JURNALSUKABUMI.COM – Ketua MUI Bidang Fatwa, Prof KH Asrorun Niam Sholeh, mengingatkan pejabat publik dan masyarakat luas untuk lebih berhati-hati bermedia sosial. Ia menegaskan, ruang digital merupakan ruang publik yang menuntut tanggung jawab moral sehingga setiap unggahan dapat memengaruhi persepsi dan ketenangan masyarakat.
Pernyataan itu disampaikan Asrorun dalam Diskusi Publik “Fatwa Bermuamalah di Media Sosial pada Era Post Truth: Fatwa, Etika, dan Sikap Kita” yang digelar Fakultas Syariah dan Hukum UIN Syarif Hidayatullah Jakarta. Ia menilai pejabat publik seharusnya tampil sebagai teladan dalam mempraktikkan prinsip kehati-hatian.
“Kalau imam hanya model tenar namun tidak mengikatkan diri pada aturan sebagai imam yang layak, maka dia bukan hanya tidak boleh diikuti, bahkan ketika mengikutinya hukumnya batal,” ujarnya.
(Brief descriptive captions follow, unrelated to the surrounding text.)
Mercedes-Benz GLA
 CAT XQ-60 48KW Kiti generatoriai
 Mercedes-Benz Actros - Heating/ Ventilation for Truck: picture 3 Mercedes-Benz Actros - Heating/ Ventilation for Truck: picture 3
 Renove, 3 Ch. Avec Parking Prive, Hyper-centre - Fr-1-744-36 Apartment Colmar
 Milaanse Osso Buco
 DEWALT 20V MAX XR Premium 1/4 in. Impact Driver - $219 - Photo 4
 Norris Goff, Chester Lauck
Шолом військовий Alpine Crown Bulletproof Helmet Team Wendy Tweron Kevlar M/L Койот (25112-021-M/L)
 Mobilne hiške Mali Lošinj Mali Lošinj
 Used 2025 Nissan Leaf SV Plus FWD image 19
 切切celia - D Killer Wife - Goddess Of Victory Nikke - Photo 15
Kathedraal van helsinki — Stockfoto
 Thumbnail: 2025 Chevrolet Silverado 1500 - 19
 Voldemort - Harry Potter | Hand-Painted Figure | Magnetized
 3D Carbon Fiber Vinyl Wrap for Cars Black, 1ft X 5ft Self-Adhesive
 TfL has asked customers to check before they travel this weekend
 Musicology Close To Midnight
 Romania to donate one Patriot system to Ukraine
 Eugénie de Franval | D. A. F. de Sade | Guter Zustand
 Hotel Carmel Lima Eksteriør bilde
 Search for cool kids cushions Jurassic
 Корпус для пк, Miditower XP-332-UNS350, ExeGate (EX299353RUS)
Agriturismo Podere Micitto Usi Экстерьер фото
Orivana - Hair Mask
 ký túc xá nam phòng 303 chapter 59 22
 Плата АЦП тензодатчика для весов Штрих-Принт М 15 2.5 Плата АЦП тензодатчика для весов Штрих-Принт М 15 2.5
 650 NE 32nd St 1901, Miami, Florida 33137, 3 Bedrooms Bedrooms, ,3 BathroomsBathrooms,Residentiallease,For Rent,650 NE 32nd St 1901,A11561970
Soroti Konten Pejabat yang Minim Klarifikasi
Asrorun menyoroti maraknya konten digital dari pejabat publik yang kerap mengabaikan prinsip tabayyun. Ia menilai konten yang dibuat tergesa-gesa demi popularitas sering memicu misinformasi dan berkembang menjadi disinformasi.
Ia mencontohkan inspeksi mendadak Gubernur Jawa Barat, Dedi Mulyadi, ke salah satu perusahaan air minum dalam kemasan di Subang yang dipublikasikan secara terbuka di media sosial. Menurutnya, aksi itu dilakukan tanpa klarifikasi terlebih dahulu sehingga memunculkan kesimpulan keliru di masyarakat.
“Ini yang saya sebut dhala fa dhala—sesat dan menyesatkan. Publik tidak diberi konteks utuh, tidak diberi data yang benar, tapi langsung digiring pada satu kesimpulan tertentu,” tegasnya.
Asrorun menambahkan, klarifikasi yang muncul kemudian tidak serta-merta menghapus dampak sosial yang terlanjur terjadi. “Narasi yang terbentuk sulit ditarik kembali. Pelaku publikasi harus memahami bahwa tanggung jawab moralnya jauh lebih besar daripada sekadar membuat konten,” katanya.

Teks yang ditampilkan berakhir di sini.